The saga surrounding Apple’s efforts to secure 5G chips for its 2020 iPhone lineup is nothing short of gripping, as illustrated by a new in-depth report published by The Information.

As you likely heard, Apple and Qualcomm this past April settled their longstanding patent dispute after more than two years of litigation. As part of the settlement, both companies agreed to a six-year license agreement that, among other things, will see Qualcomm provide chipsets for the iPhone for at least six years. Interestingly, Apple was compelled to settle with Qualcomm due to a series of issues surrounding Intel’s ongoing efforts to produce a 5G chip for forthcoming iPhone models.
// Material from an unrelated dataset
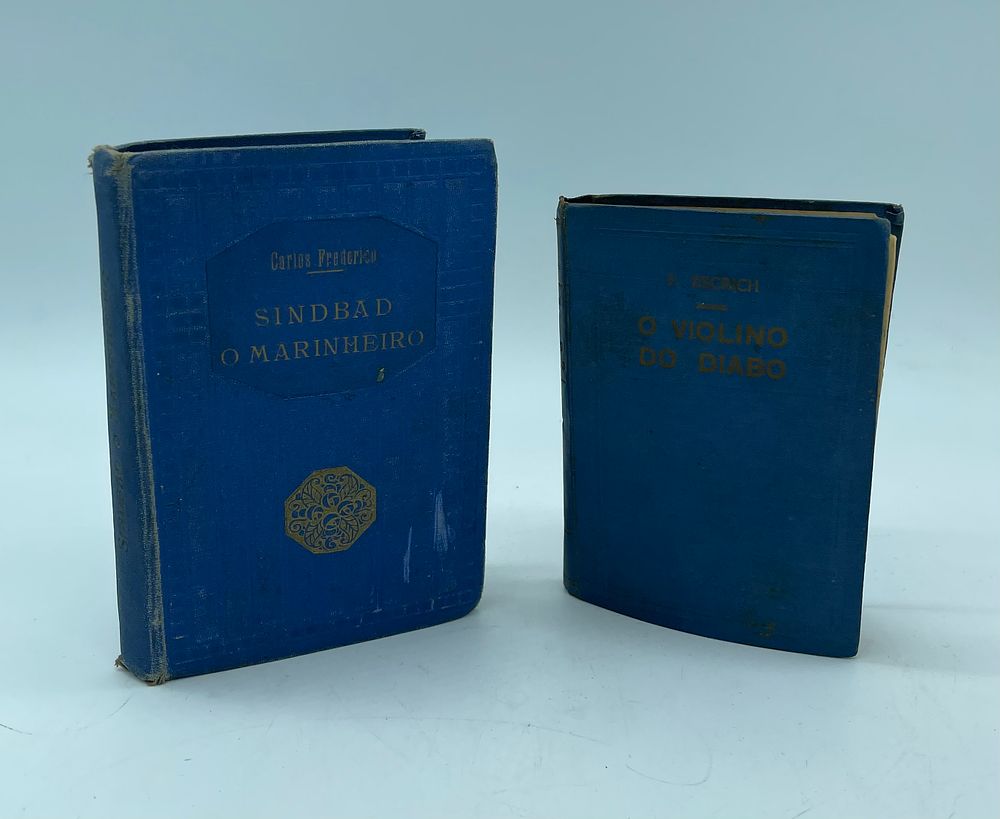 Two pocket books. Two hardback pocket books: 
I. ‘Sinbad the Sailor’, taken from the “Thousand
As the report relays, Apple’s pessimism regarding Intel’s modem performance stretches back all the way to early 2017. Inevitably, Apple began to have serious doubts Intel’s ability to be its sole 5G modem supplier.

“Apple also didn’t see Intel’s 5G modem architecture and software algorithms as ready,” a person familiar with the events told The Information. “Eventually, Intel produced a working prototype of a 5G modem, but the chip’s design was big, making it expensive to produce.”

In short, Apple really had no choice but to settle with Intel.

Meanwhile, there have been credible reports regarding Apple’s efforts to design its own 5G modems in-house. To this end, you may recall that Apple last month poached Umashankar Thyagarajan away from Intel, the chipmaker’s chief 5G modem engineer.

While there have been rumblings that Apple’s own 5G chips might appear in iPhones by 2022, that’s looking beyond unlikely. Modem development is a long and involved process, with The Information noting the following:

Indeed, its multiyear modem agreement with Qualcomm may only be temporary since Apple has a large in-house team developing its own modem, as The Information has previously reported. But that in-house effort appears to be farther from fruition than some chip experts have predicted. In interviews with prospective hires for the team, Apple has told engineers that they expect to have their own modem ready by 2025, a person familiar with the discussions said.

Interestingly enough, Apple and Qualcomm’s license agreement is set to end in 2025.